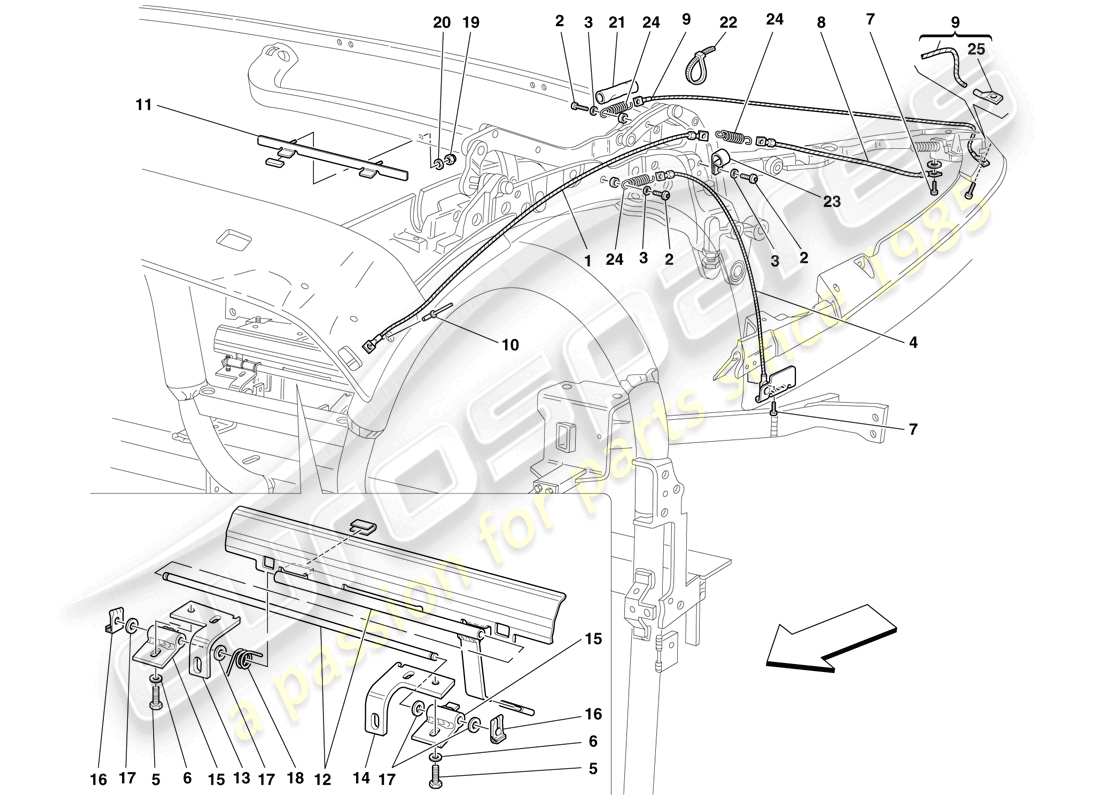Ferrari F430 Spider (USA) COLLEGAMENTI E MECCANISMO DEL TETTO Diagramma delle parti
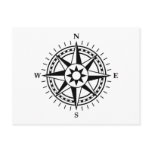Black and white compass rose postcard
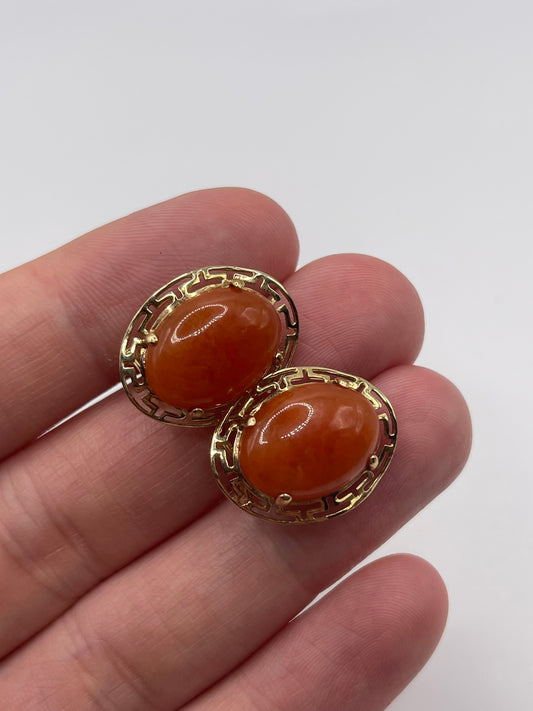 14ct gold jade earrings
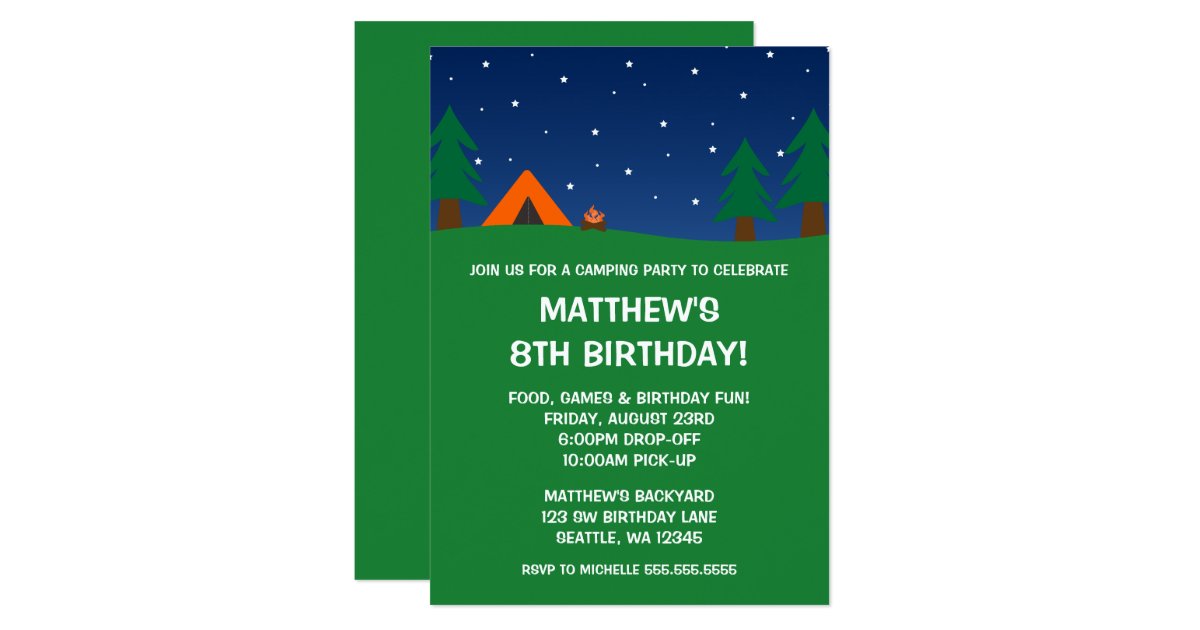Camping Birthday Party Card Zazzle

..........

§ **TO DO**
Exact copy required, pictures excluded: the lines from the one holding "Black and white compass rose postcard" through the last line of the data, both ends included.

§ **RESULT**
Black and white compass rose postcard
 14ct gold jade earrings
Camping Birthday Party Card Zazzle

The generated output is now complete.